Introduction to Cloudflare and Perplexity
Cloudflare, a well-known internet security and performance company, recently announced that it has delisted Perplexity’s crawler as a verified bot. This decision was made after multiple user complaints and an investigation that revealed Perplexity was using aggressive rogue bot tactics to force its crawlers onto websites. Perplexity’s actions were found to be in violation of Cloudflare’s requirements for verified bots, which include obeying the robots.txt protocol and refraining from using undeclared IP addresses.
What is Cloudflare’s Verified Bots Program?
Cloudflare has a system called Verified Bots that whitelists bots in their system, allowing them to crawl the websites that are protected by Cloudflare. To maintain their privileged status, verified bots must conform to specific policies, such as obeying the robots.txt protocols. The robots.txt protocol is a standard used by websites to communicate with web crawlers and other web robots. It provides a way for websites to specify which parts of their site should not be crawled or indexed by search engines.
Perplexity’s Violations
Perplexity was found to be violating Cloudflare’s requirements in several ways. The company was using aggressive rogue bot tactics, including rotating IP addresses, changing ASNs, and impersonating browsers like Chrome. These actions allowed Perplexity to circumvent the robots.txt protocol and crawl websites that had explicitly blocked their crawlers. Perplexity’s actions were seen as a serious violation of Cloudflare’s policies and a threat to the integrity of the internet.
Stealth Crawling Behavior: Rotating IP Addresses
Perplexity’s crawlers were found to be using rotating IP addresses, changing ASNs, and impersonating browsers like Chrome. This allowed them to evade blocks and crawl websites that had explicitly blocked their crawlers. An ASN, or Autonomous System Number, is a unique identifier assigned to a group of IP addresses. By changing ASNs, Perplexity’s crawlers were able to disguise themselves as legitimate traffic and avoid detection.

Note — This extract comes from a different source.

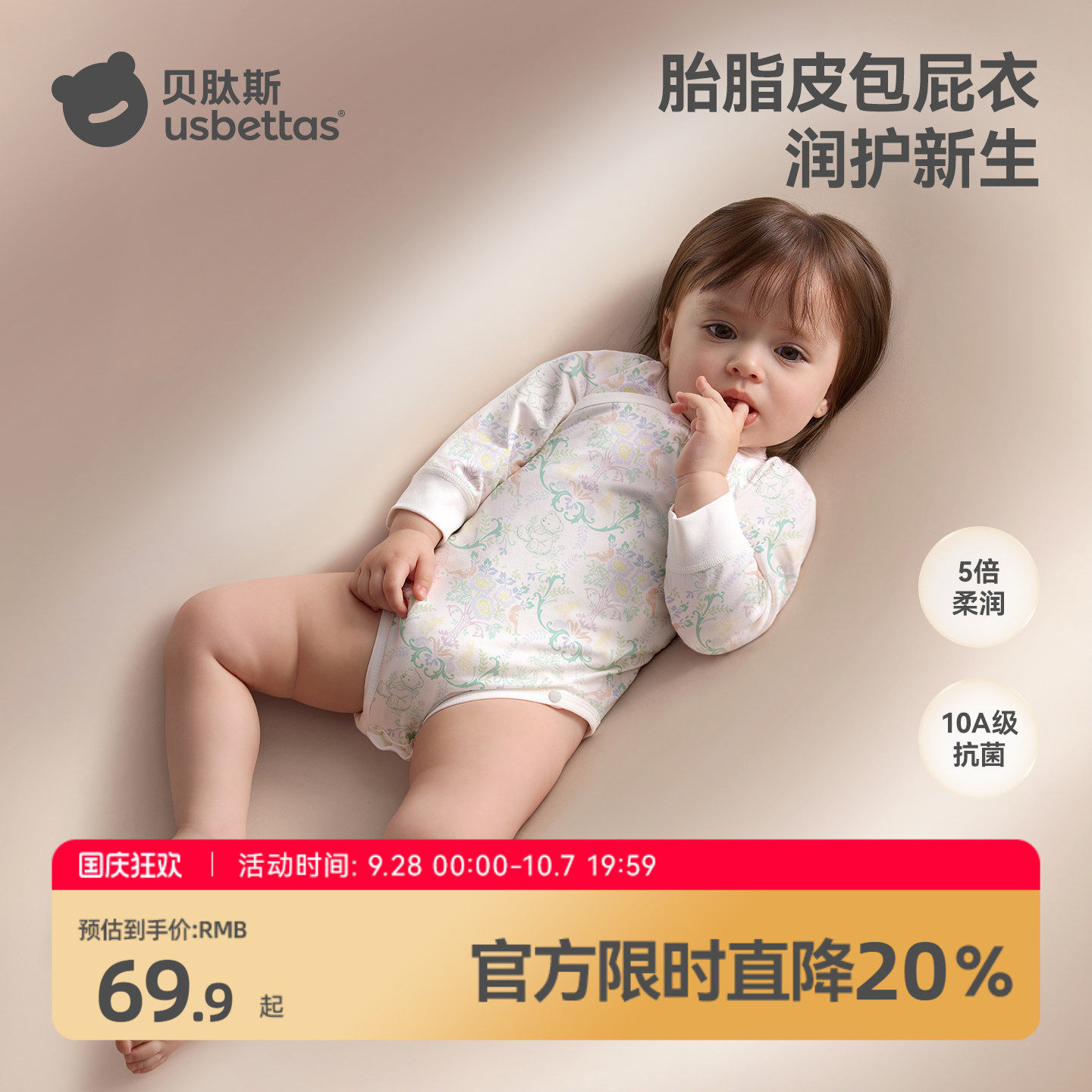 【金靖推荐】胎脂皮婴儿包屁衣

Stealth Crawling Behavior: Spoofed User Agent
Perplexity’s crawlers were also found to be spoofing their user agent, posing as a human user browsing with Chrome on a Mac operating system. This allowed them to bypass filters that block known crawlers and crawl websites that had explicitly blocked their crawlers. The user agent is a string of text that identifies the browser or crawler making a request to a website. By spoofing their user agent, Perplexity’s crawlers were able to disguise themselves as legitimate traffic and avoid detection.
Cloudflare’s Response
In response to Perplexity’s violations, Cloudflare delisted the company as a verified bot and implemented new blocking rules to prevent their stealth crawling. This decision was seen as a strong response to aggressive bot behavior and a necessary step to protect the integrity of the internet. Cloudflare’s actions will help to prevent Perplexity’s crawlers from evading blocks and crawling websites that have explicitly blocked their crawlers.
Takeaways
There are several key takeaways from this incident:
- Perplexity violated Cloudflare’s Verified Bots policy, which grants crawling access to trusted bots that follow common-sense rules like honoring the robots.txt protocol.

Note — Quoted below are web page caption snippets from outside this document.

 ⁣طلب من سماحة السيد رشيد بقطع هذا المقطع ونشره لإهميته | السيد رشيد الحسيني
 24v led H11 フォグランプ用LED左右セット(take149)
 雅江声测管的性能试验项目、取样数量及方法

- Perplexity used stealth crawling tactics, including rotating IP addresses and spoofing their user agent, to crawl content after being blocked from accessing it.

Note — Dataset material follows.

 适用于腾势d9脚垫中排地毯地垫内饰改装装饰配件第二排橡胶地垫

- Cloudflare’s response was swift and decisive, delisting Perplexity as a verified bot and implementing new blocking rules to prevent their stealth crawling.
- The incident highlights the importance of following rules and respecting website directives, and the need for companies like Cloudflare to take strong action against aggressive bot behavior.
Conclusion
In conclusion, Cloudflare’s decision to delist Perplexity as a verified bot and block their stealth crawling is a strong response to aggressive bot behavior. The incident highlights the importance of following rules and respecting website directives, and the need for companies like Cloudflare to take strong action against aggressive bot behavior. By taking this action, Cloudflare is helping to protect the integrity of the internet and ensure that websites are able to control who crawls their content.